Quindi per ora sono destinate a restare senza risposta. Perché l'unica persona in grado di dare anche solo un'indicazione, a riguardo, è Stefano Palazzi, il procuratore della Figc. Ovviamente, però, Palazzi lavora ma non parla.

Venerdì un addetto ai lavori (l'avvocato Grassani) ha ipotizzato i tempi: «al massimo due mesi» per mettere in piedi e chiudere l'inchiesta, in modo da arrivare a un processo entro la fine della stagione.

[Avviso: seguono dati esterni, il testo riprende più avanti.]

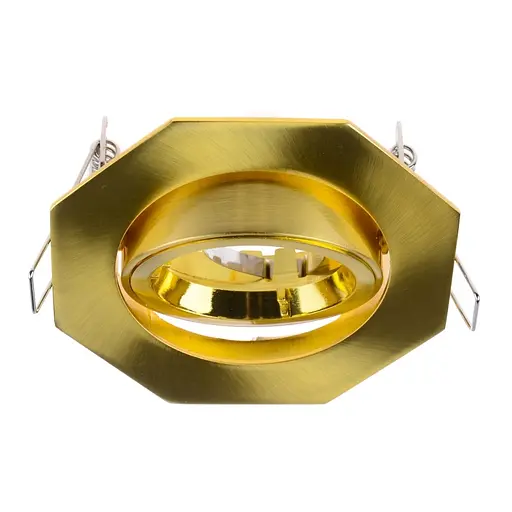 Светильник точечный Brille HDL-DT 18 SB MR16 163437 - фото 7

E per fine della stagione si intende la necessità di avere verdetti definitivi - quindi compreso il 3° e ultimo grado del giudizio sportivo (quello del Tnas) - entro il prossimo 20 agosto, così da garantire il regolare avvio dei campionati di A e B 2012-2013.

Con tutte le squadre nella categoria di competenza. Si consideri che il primo filone dell'inchiesta, quello che ci ha portato i sei punti di penalizzazione e coinvolgeva molte meno persone che questa seconda tranche, è partito il 13 giugno (data di consegna degli atti alla procura federale da parte del tribunale di Cremona) e ha portato la sentenza di 2° grado il 19 agosto, 67 giorni dopo.

Ma le motivazioni della seconda sentenza sono arrivate 50 giorni più tardi (il 4 ottobre) e per il Tnas resteremo in ballo almeno sino a fine gennaio. Quindi bisognerà davvero correre, per arrivare a sentenze definitive entro metà agosto.

Ma questo non è tutto. Perché questo secondo filone del Calcioscommesse sta evidenziando che l'Atalanta è in una posizione differente, rispetto alle altre squadre coinvolte. Gira voce, per esempio, che Palazzi potrebbe decidere di fare subito il processo alle gare dell'Atalanta, per arrivare a una sentenza definitiva in fretta.

Ma c'è il problema del Tnas: sarà decisivo aspettare la sentenza definitiva riferita al Piacenza, prima di avviare il processo per le altre due gare. E poi la società potrebbe anche decidere di patteggiare. Non solo. Sarebbe giuridicamente regolare un processo chiuso rapidamente per l'Atalanta e fatto con il rischio di sforare sulla prossima stagione per le altre società? Probabilmente no.

E se si farà un secondo processo con gli stessi tempi per tutti, per l'Atalanta andrebbe benissimo. Ipotizzando che resti anche al Tnas il -6 che abbiamo già recuperato, se Gervasoni ha detto la verità a processo dovrebbero andare anche il Chievo, il Novara, il Lecce. Beh, se l'incidenza sulla classifica sarà equivalente, c'è chi starà comunque peggio di noi.

Ma queste sono ipotesi al momento non suffragate da fatti. Perché tutto dipenderà solo da Palazzi. E qualcosa di più potremo sapere quando - a gennaio, passato l'interrogatorio di Doni davanti al pm (mercoledì 11) - i legali dell'Atalanta quasi sicuramente andranno a chiedere lumi proprio a Palazzi per capire le sue intenzioni. Noi comunque prepariamoci a un primo semestre 2012 senza pace. Buon anno (si fa per dire) a tutti.